Dependence of brain DTI maps of fractional anisotropy and mean diffusivity on the number of diffusion weighting directions

Affiliations

Dependence of brain DTI maps of fractional anisotropy and mean diffusivity on the number of diffusion weighting directions

Marco Giannelli et al. J Appl Clin Med Phys. .

Abstract

The rotational variance dependence of diffusion tensor imaging (DTI) derived parameters on the number of diffusion weighting directions (N) has been investigated by several Monte Carlo simulation studies. However, the dependence of fractional anisotropy (FA) and mean diffusivity (MD) maps on N, in terms of accuracy and contrast between different anatomical structures, has not been assessed in detail. This experimental study further investigated in vivo the effect of the number of diffusion weighting directions on DTI maps of FA and MD. Human brain FA and MD maps of six healthy subjects were acquired at 1.5T with varying N (6, 11, 19, 27, 55).
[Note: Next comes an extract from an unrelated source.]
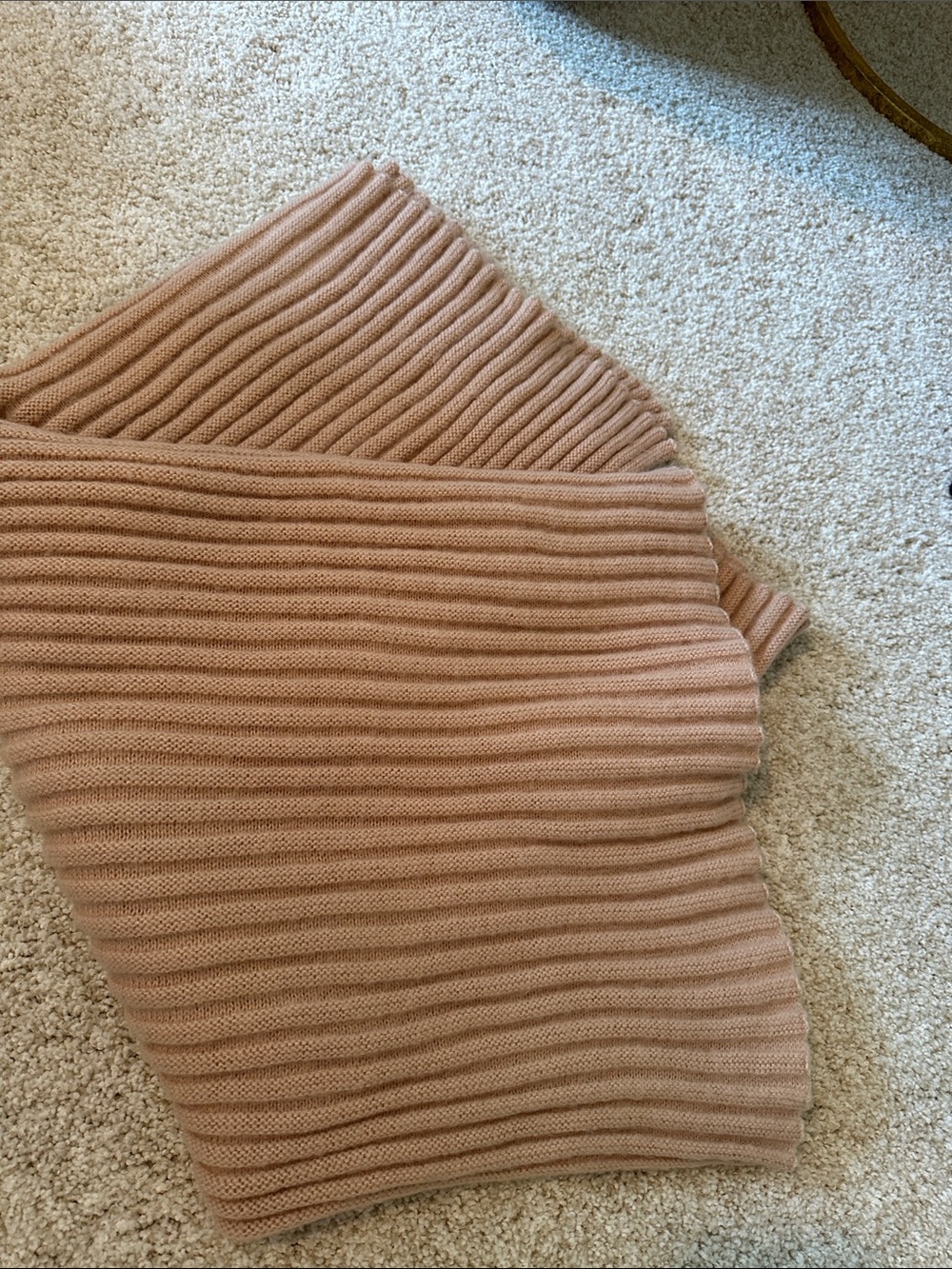 Ribbed Knit Scarf in Dusty Rose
Then, FA and MD mean values in high (FAH, MDH) and low (FAL, MDL) anisotropy segmented brain regions were measured. Moreover, the contrast-to-signal variance ratio (CVRFA, CVRMD) between the main white matter and the surrounding regions was calculated. Analysis of variance showed that FAL, FAH and CVRFA significantly (p < 0.05) depend on N. In particular, FAL decreased (6%-11%) with N, whereas FAH (1.6%-2.5%) and CVRFA (4%-6.5%) increased with N. MDL, MDH and CVRMD did not significantly (p>0.05) depend on N. Unlike MD values, FA values significantly vary with N. It is noteworthy that the observed variation is opposite in low and high anisotropic regions. In clinical studies, the effect of N may represent a confounding variable for anisotropy measurements and the employment of DTI acquisition schemes with high N (> 20) allows an increased CVR and a better visualization of white matter structures in FA maps.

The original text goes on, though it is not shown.